**EXERCISE INPUT**
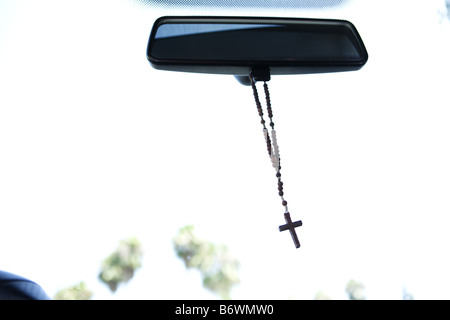 Rosary hanging from rear view mirror of car Stock Photo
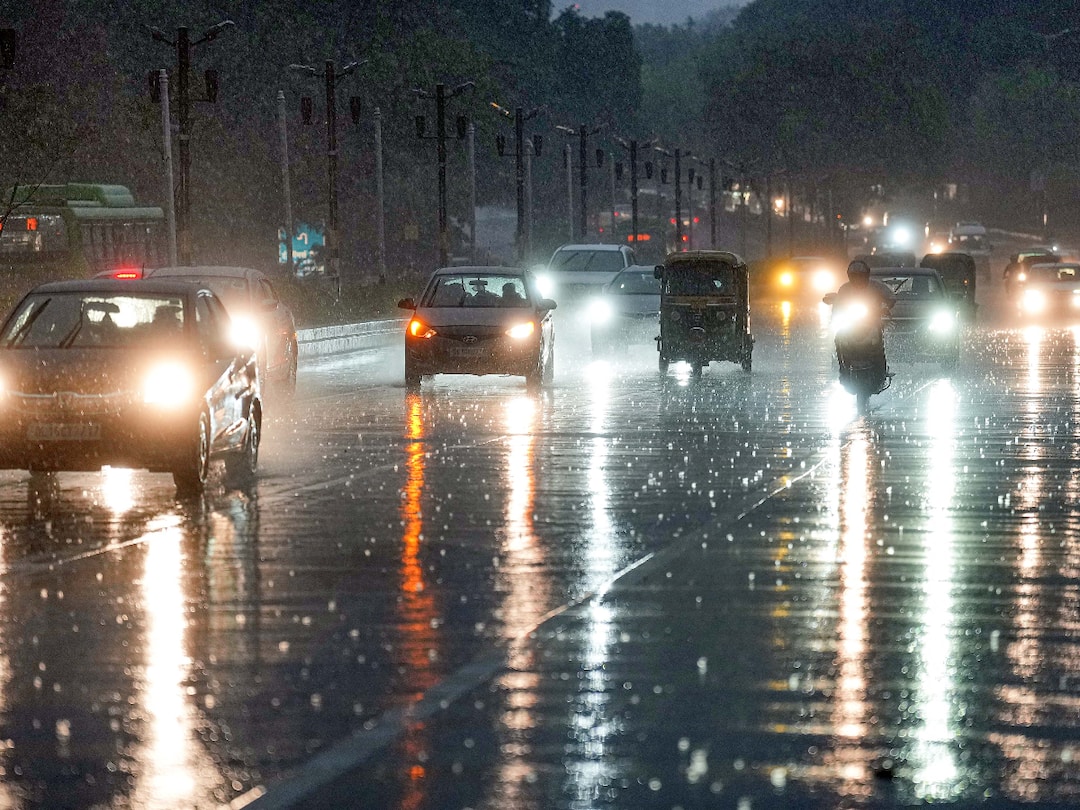 Delhi Waterlogging Roads After Thunderstorms Light Rain Waterlogging In Several Parts Of Delhi After Heavy Rain. Road Caves In Near Hauz Rani Red Light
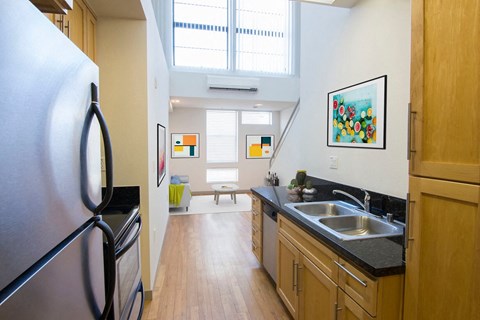 a kitchen with a sink and a refrigerator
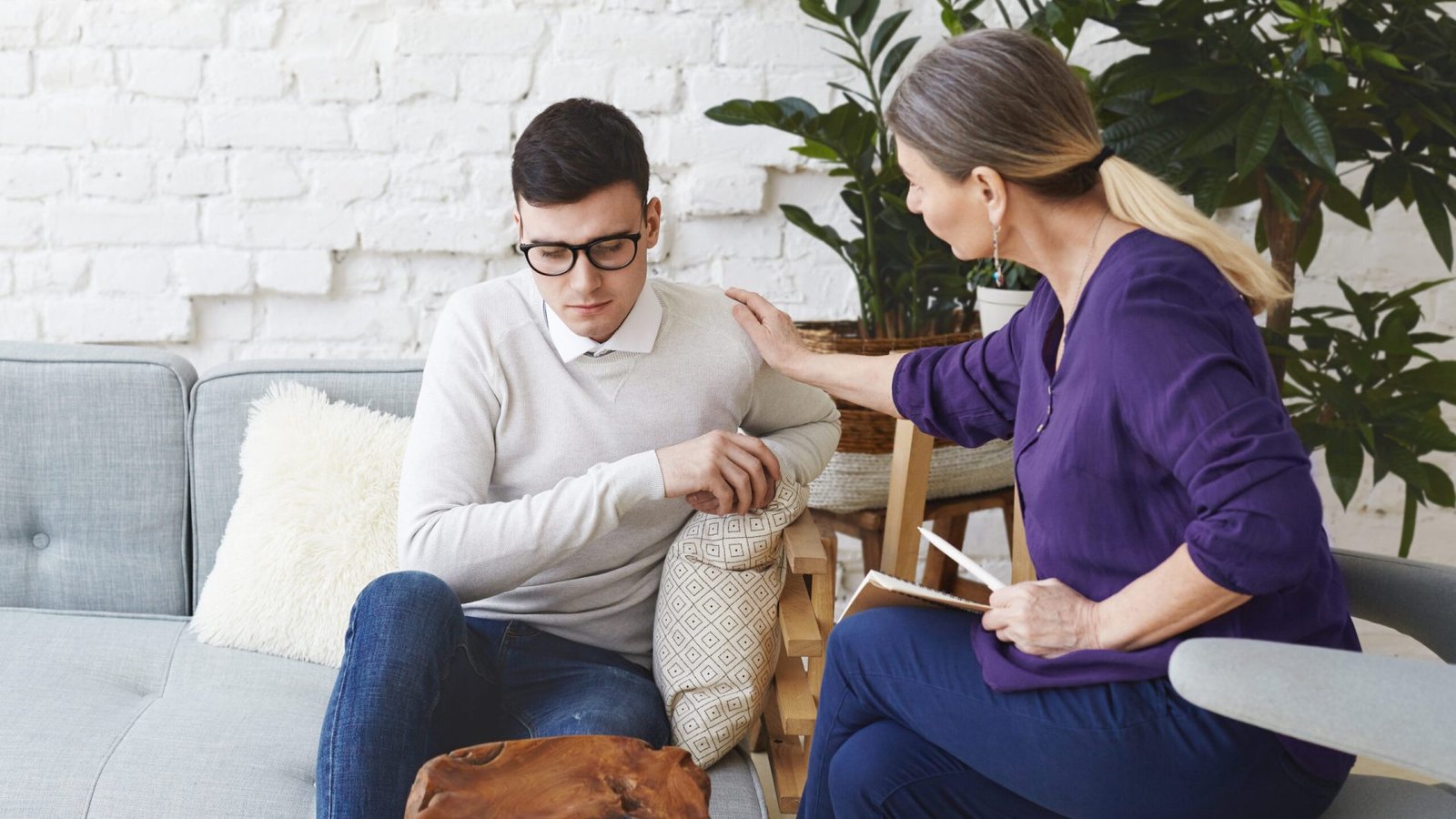 Candid shot of casually dressed professional woman psychotherapist in her fifties touching her young male patient by shoulder while having counseling session, expressing sympathy and support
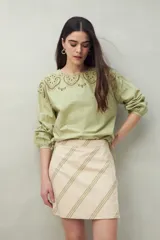Minifalda color beige con rayas diagonales verdes.
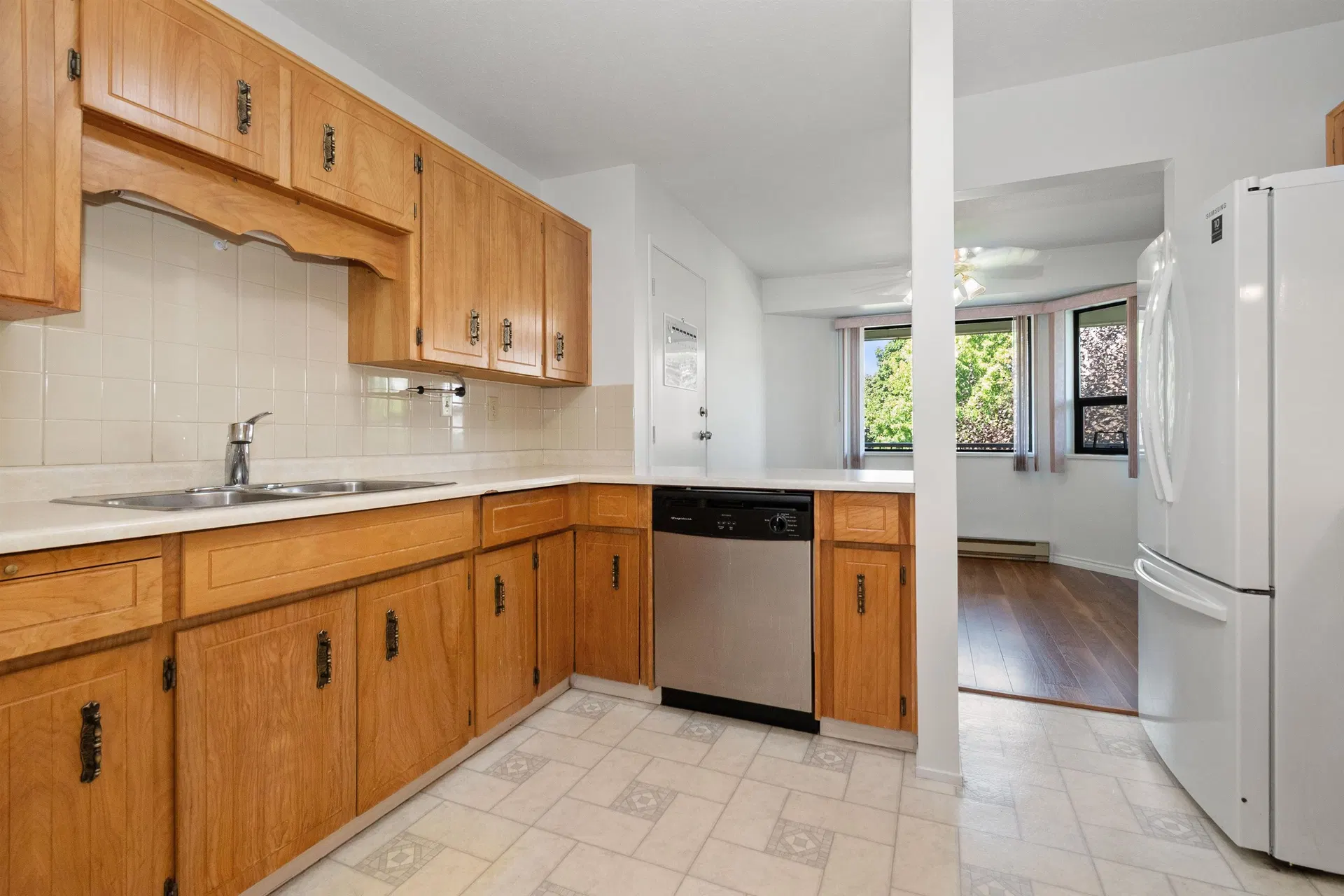 Photo 5 of 36 at #6 – 7455 Huron Street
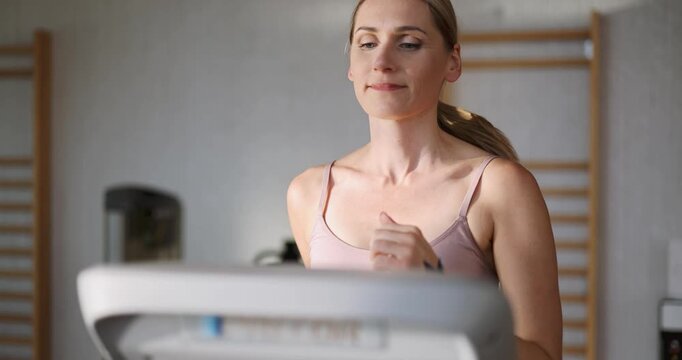Middle aged woman running on a treadmill at fitness center gym
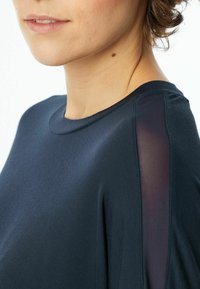 Navy blue top made from soft fabric, featuring a round neckline and sheer panels on the shoulders, shown from the side view.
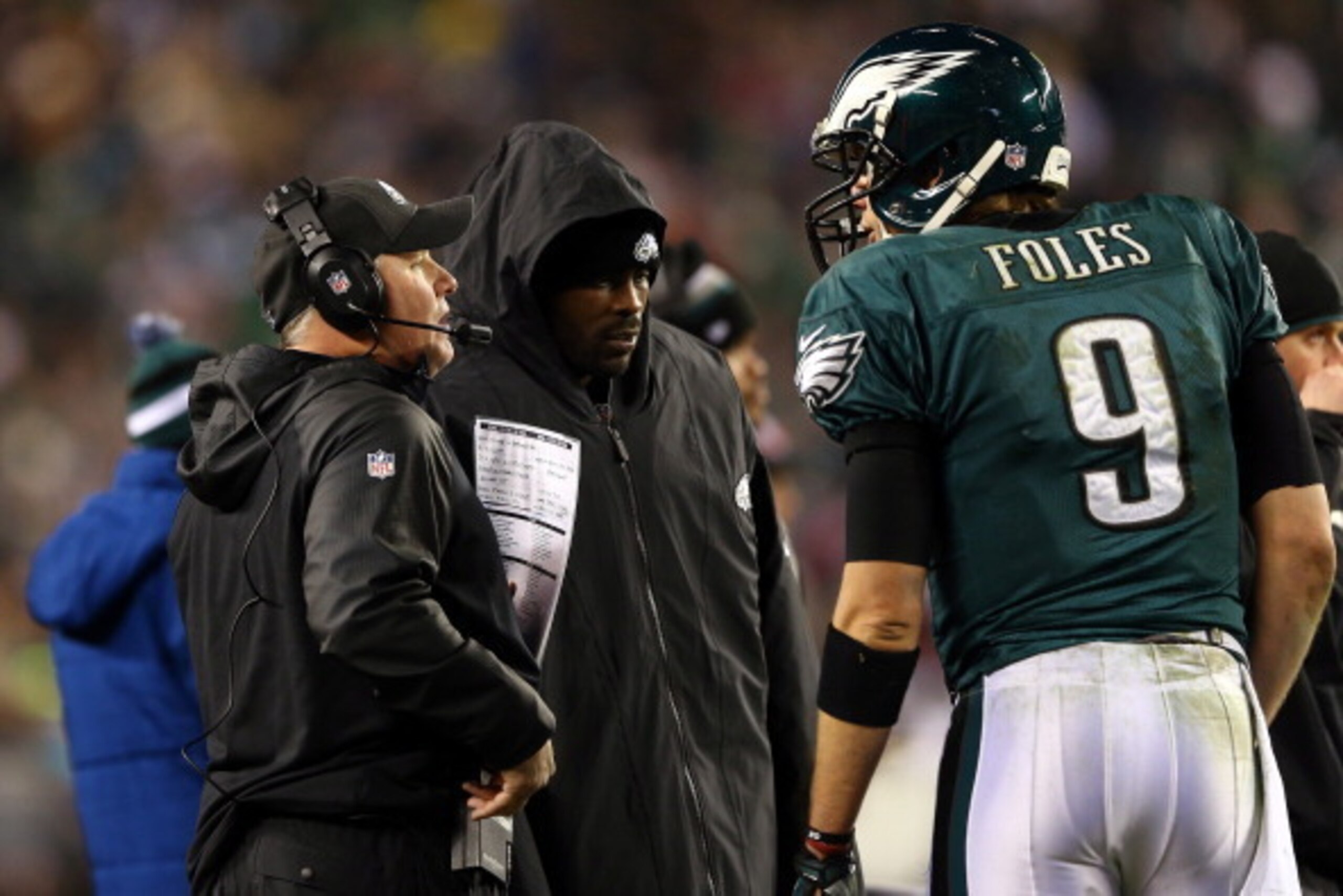 PHILADELPHIA, PA - JANUARY 04:   Nick Foles #9 of the Philadelphia Eagles talks with head coach Chip Kelly and teammate Michael Vick #7 on the sidelines against the New Orleans Saints during their NFC Wild Card Playoff game at Lincoln Financial Field on J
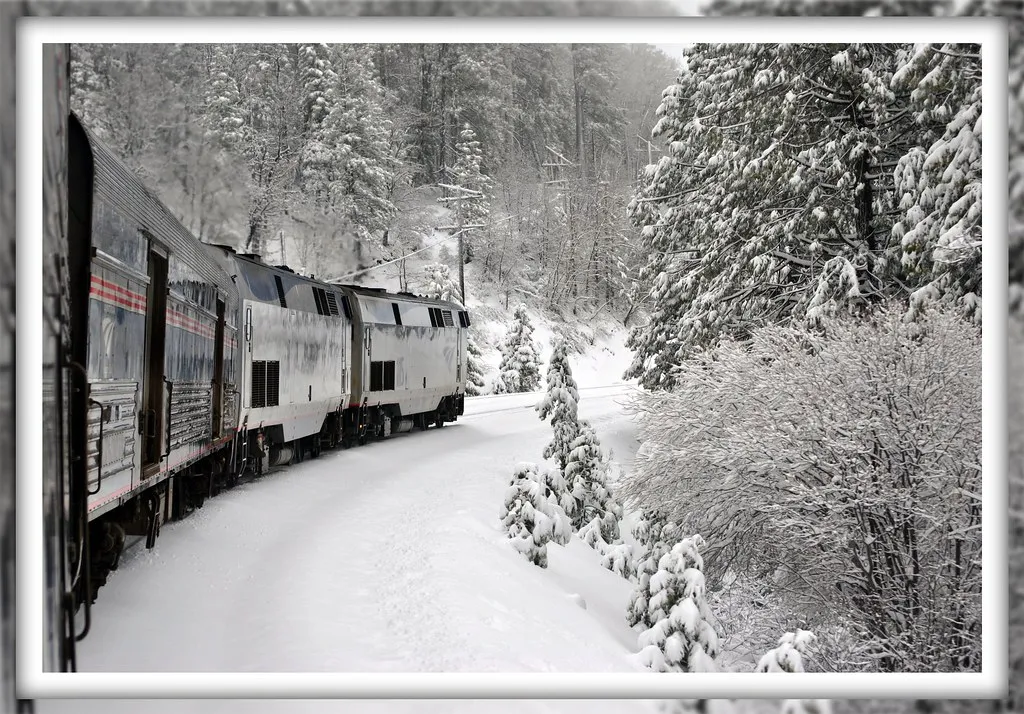 Freight locomotive running through deep snow in the mountains in winter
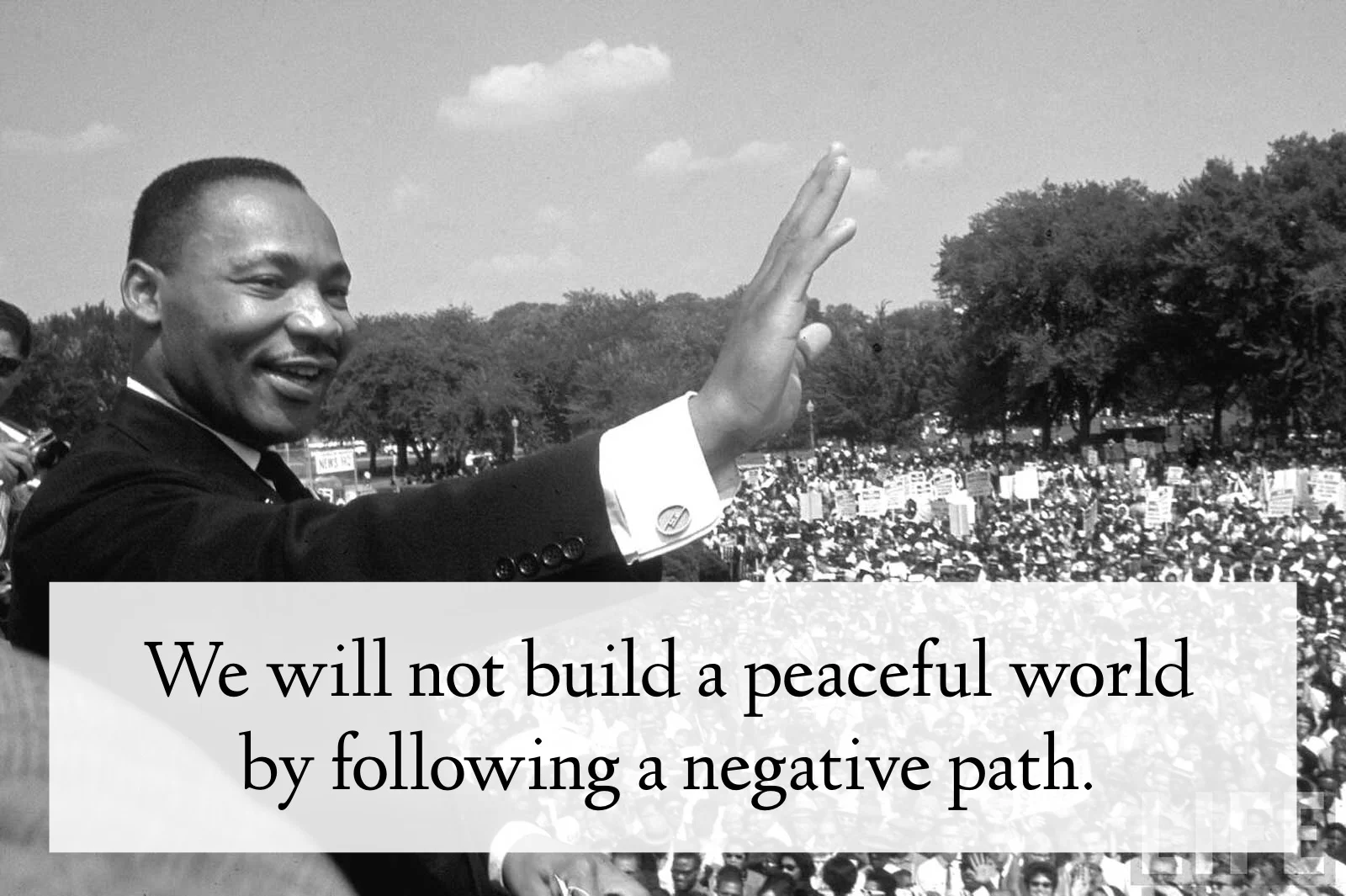 Image of Dr. King smiling and waving, in front of a huge crowd. The quote says "We will not build a peaceful world by following a negative path."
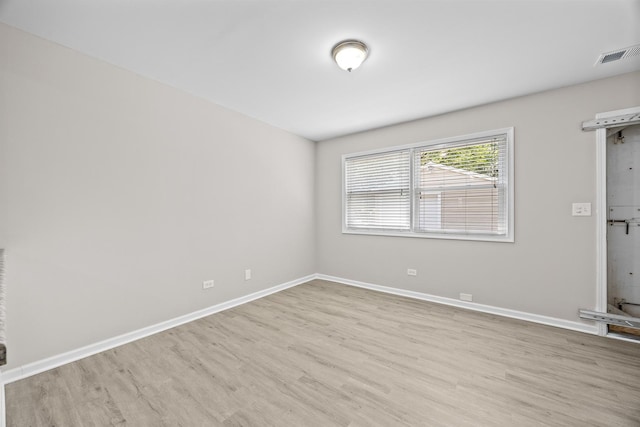 4117 W 99th St, Oak Lawn, IL 60453 - spare room featuring wood finished floors and baseboards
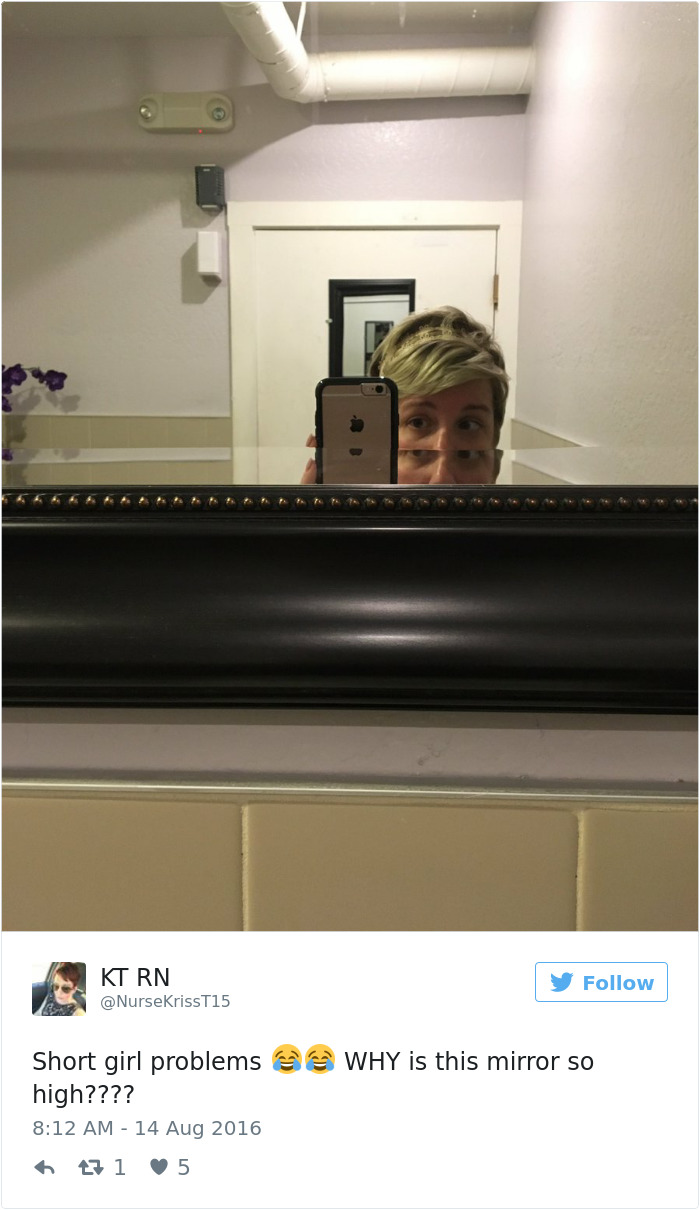 A person holding a phone snaps a selfie, struggling to see over a high bathroom mirror, illustrating short people problems.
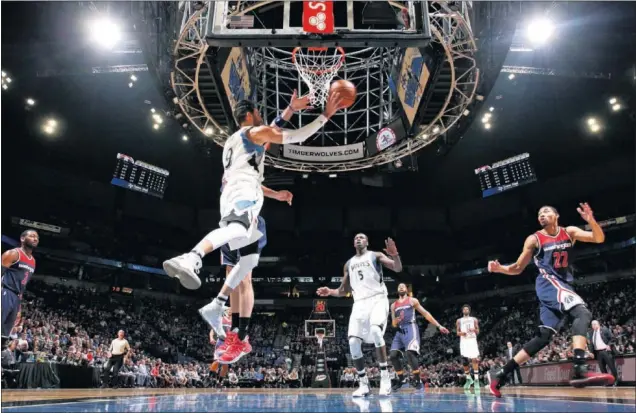  ??  ?? VISIÓN DE JUEGO. Ricky Rubio se prepara para pasar el balón a su compañero Gorgui Dieng durante el partido que enfrentó a los Timberwolv­es contra los Wizards.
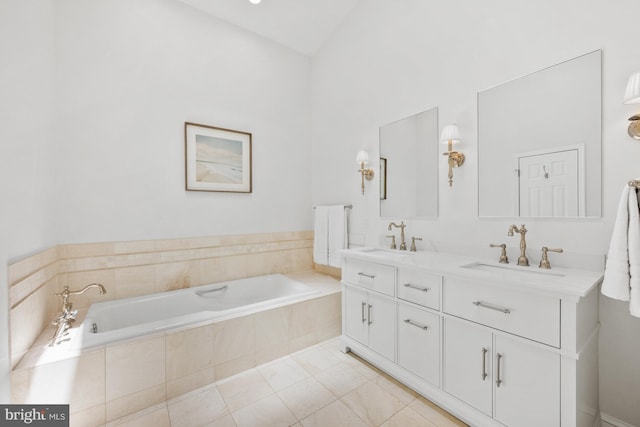 bathroom featuring tile patterned floors, vanity, and a relaxing tiled tub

**THE TASK**
Aside from its pictures, the listing must be given again in full, exactly as it appears.

**FINISHED TASK**
 Rosary hanging from rear view mirror of car Stock Photo
 Delhi Waterlogging Roads After Thunderstorms Light Rain Waterlogging In Several Parts Of Delhi After Heavy Rain. Road Caves In Near Hauz Rani Red Light
 a kitchen with a sink and a refrigerator
 Candid shot of casually dressed professional woman psychotherapist in her fifties touching her young male patient by shoulder while having counseling session, expressing sympathy and support
Minifalda color beige con rayas diagonales verdes.
 Photo 5 of 36 at #6 – 7455 Huron Street
Middle aged woman running on a treadmill at fitness center gym
 Navy blue top made from soft fabric, featuring a round neckline and sheer panels on the shoulders, shown from the side view.
 PHILADELPHIA, PA - JANUARY 04:   Nick Foles #9 of the Philadelphia Eagles talks with head coach Chip Kelly and teammate Michael Vick #7 on the sidelines against the New Orleans Saints during their NFC Wild Card Playoff game at Lincoln Financial Field on J
 Freight locomotive running through deep snow in the mountains in winter
 Image of Dr. King smiling and waving, in front of a huge crowd. The quote says "We will not build a peaceful world by following a negative path."
 4117 W 99th St, Oak Lawn, IL 60453 - spare room featuring wood finished floors and baseboards
 A person holding a phone snaps a selfie, struggling to see over a high bathroom mirror, illustrating short people problems.
  ??  ?? VISIÓN DE JUEGO. Ricky Rubio se prepara para pasar el balón a su compañero Gorgui Dieng durante el partido que enfrentó a los Timberwolv­es contra los Wizards.
 bathroom featuring tile patterned floors, vanity, and a relaxing tiled tub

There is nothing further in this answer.